水平思考マーケティング

コトラーとベス(2004)は、既存の製品カテゴリーや市場のもとでマーケティングプロセスを垂直的に辿り、サイズ、パッケージング、デザインなど様々な要素を変更してイノベーションを実現する「バーティカルマーケティング」に対し、なんらかの改変をくわえないかぎり対象とならないようなニーズ、用途、状況、ターゲットを付加することでまったく新たな製品・サービスを生み出す手法として「ラテラル(水平思考)・マーケティング」を紹介している。


ラテラル・マーケティングは創造プロセスであり、新しい方向性を切り拓く手法である。連想や論理の飛躍が求められるゆえに難易度の高いプロセルでもある。また、消費者や顧客に受け入れてもらうための努力も必要になる。ただし、コトラーとベスは、ラテラル・マーケティングはしたがうべき一定の手順が確立されたプロセスであると説く。その基本となるのが3つのステップからなる創造的思考で、(1)フォーカスを選択し、(2)水平移動によりギャップを生み(刺激を誘発し)、(3)連結することによってギャップを埋めることだと言う。


分かりやすい例としては、まず「花」にフォーカスを当て、論理的飛躍のある水平移動として「いつまでも枯れることのない花」というギャップがあり刺激を生む思考をする。
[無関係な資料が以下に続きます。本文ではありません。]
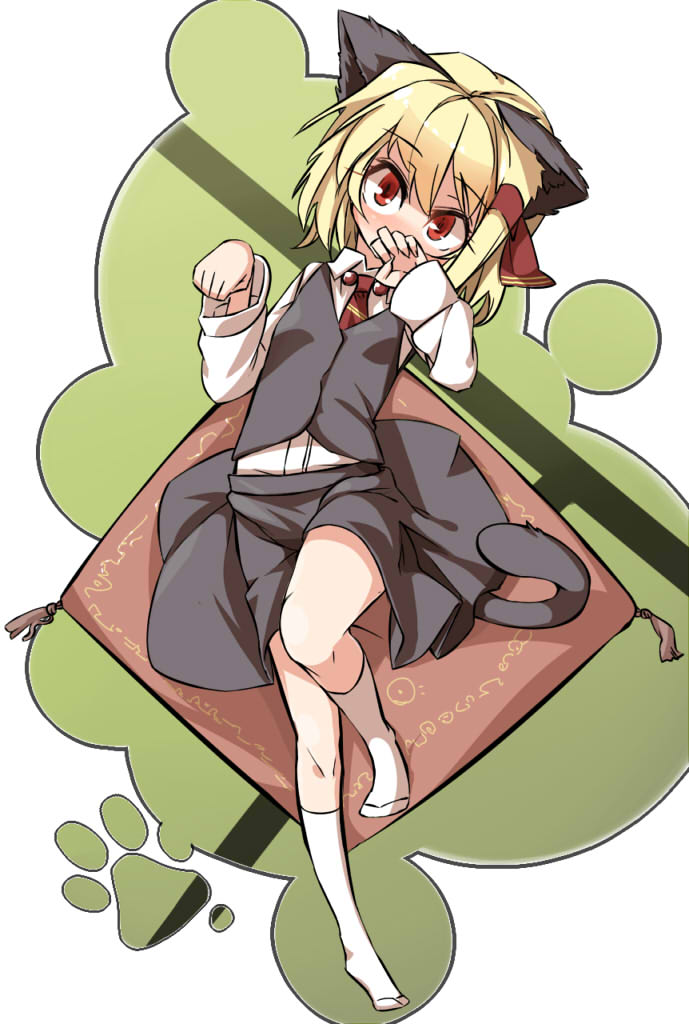 Artist - Syamonabe - Pixiv ID: 173846 page 2 full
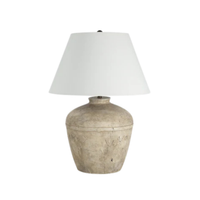 Hilaire Table Lamp
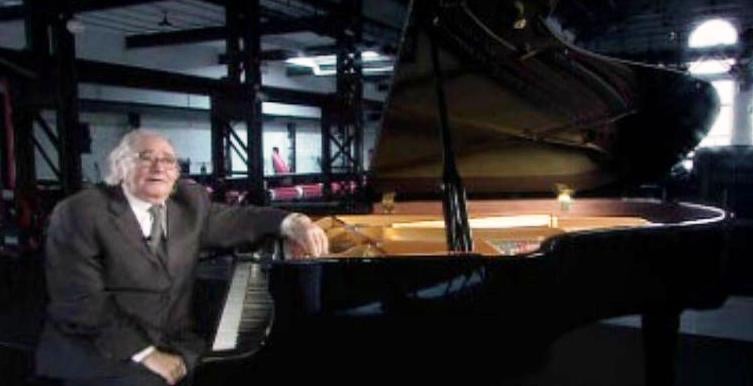 Memórias de Mim Mesmo – Ep. 02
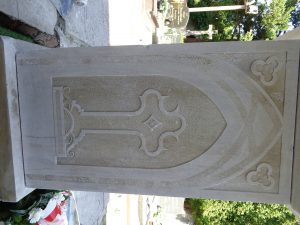 DSC02194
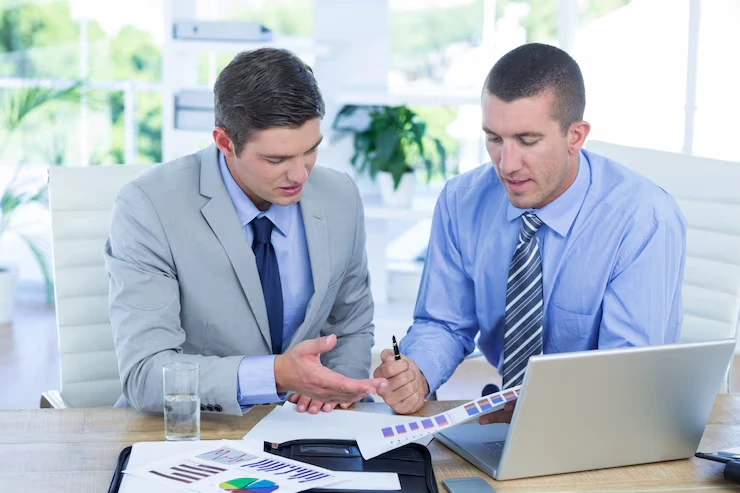 Manchester Ltd Company – Corporation Tax Enquiry And Reclassification Of Expenses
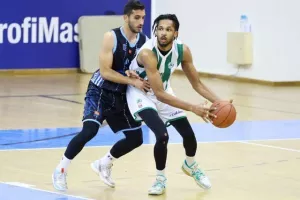4η σερί νίκη ο Απόλλωνας, κέρδισε και την Ομόνοια! (φώτος)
そしてそのギャップを埋めるために花とプラスチックを連結させ「造花」というコンセプトを得るということである。このプロセスでの水平移動(水平思考)は、論理的思考では決して生じないような刺激を生むわけであり、創造性のみならずユーモアとも関連する思考だという。


マーケティングの領域におけるフォーカスの対象としては「市場(ニーズ、ターゲット、用途/状況)」、「製品」、「その他のマーケティングミックス要素」がある。ギャップを生み出す技法には、代用する、逆転する、結合する、強調する、除去する、並び替える、という6つがある。